Materials and methods: Fifteen New Zealand rabbits infected with Staphylococcus aureus (ATCC 25923) corneal ulcers were randomly divided into three groups of five for the present study. (I, II, and III). Group I was used as the control group (without treatment). The second group received an iodine solution (1.25%) without a nanoparticle structure (betadine). The third group received an iodine solution with a nanoparticle structure used as eye drops. Drops in the corneal ulcer group were used five times daily for 14 days. Microbial counts and disease severity scores were measured on the first, second, fifth, and fourteenth days and compared between groups separately for each disease.

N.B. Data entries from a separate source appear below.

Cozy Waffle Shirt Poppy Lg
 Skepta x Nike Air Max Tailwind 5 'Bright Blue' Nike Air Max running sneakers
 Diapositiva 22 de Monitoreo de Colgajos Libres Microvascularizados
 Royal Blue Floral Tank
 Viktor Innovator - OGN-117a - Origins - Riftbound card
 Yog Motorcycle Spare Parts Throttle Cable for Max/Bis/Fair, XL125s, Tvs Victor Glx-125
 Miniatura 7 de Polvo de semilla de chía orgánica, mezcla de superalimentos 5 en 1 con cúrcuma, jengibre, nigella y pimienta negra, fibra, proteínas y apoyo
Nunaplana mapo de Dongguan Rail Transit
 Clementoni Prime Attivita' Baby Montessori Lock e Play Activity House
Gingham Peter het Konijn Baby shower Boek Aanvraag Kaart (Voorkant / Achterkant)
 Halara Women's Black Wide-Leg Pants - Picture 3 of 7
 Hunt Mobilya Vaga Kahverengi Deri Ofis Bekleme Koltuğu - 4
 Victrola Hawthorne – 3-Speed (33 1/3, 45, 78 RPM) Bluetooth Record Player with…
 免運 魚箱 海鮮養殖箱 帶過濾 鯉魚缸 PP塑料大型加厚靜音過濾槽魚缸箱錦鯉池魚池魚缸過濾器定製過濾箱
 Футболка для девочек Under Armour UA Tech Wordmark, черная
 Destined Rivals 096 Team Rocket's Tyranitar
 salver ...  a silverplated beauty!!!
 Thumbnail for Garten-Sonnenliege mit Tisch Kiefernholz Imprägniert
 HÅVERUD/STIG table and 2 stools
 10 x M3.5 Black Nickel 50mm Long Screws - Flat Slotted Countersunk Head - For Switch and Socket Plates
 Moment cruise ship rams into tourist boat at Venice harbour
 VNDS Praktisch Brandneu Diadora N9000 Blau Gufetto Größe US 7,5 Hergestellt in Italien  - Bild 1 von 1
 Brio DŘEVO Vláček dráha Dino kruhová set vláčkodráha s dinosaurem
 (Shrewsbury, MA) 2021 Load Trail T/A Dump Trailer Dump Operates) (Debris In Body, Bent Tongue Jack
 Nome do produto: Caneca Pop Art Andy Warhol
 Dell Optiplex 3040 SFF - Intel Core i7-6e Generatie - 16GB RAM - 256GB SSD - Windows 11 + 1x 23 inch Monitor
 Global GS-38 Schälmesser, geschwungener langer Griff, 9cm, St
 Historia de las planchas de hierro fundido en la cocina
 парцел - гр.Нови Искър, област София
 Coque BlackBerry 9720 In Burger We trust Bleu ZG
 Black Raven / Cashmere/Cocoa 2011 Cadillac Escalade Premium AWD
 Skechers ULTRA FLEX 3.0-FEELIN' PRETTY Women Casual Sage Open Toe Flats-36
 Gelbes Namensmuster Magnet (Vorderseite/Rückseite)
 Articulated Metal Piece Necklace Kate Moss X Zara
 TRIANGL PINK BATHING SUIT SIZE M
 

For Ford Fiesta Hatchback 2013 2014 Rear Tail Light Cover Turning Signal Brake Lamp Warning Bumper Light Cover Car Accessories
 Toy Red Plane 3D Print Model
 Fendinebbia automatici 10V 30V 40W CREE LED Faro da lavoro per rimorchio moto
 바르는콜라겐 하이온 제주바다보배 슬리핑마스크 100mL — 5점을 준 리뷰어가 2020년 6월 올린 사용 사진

Results: The results showed that the changes in microbial load were significant in the group that received betadine and nanoparticles. The microbial load was further reduced when using iodine nanoparticles than betadine. The betadine and nano-iodine groups significantly reduced the severity of the disease in rabbits with corneal ulcers (p < 0.05). The average changes in disease severity score were 4.8 ± 1.3, -2.6 ± 0.89, and -2.22 ± 1.22 in the untreated, nano iodine, and betadine groups, respectively. However, a significant increase in disease severity was observed in the untreated group (p = 0.001). It shows a significant difference (p < 0.001) between the nano iodine, betadine, and untreated groups. However, the difference in disease severity changes between nano iodine and non-nano iodine groups was insignificant.
Conclusion: Nanoparticle iodine is more effective than non-nanoparticle iodine in reducing bacterial load. In reducing the severity of the disease, both types of iodine were superior to no treatment. But there was no apparent difference between the two groups treated with iodine.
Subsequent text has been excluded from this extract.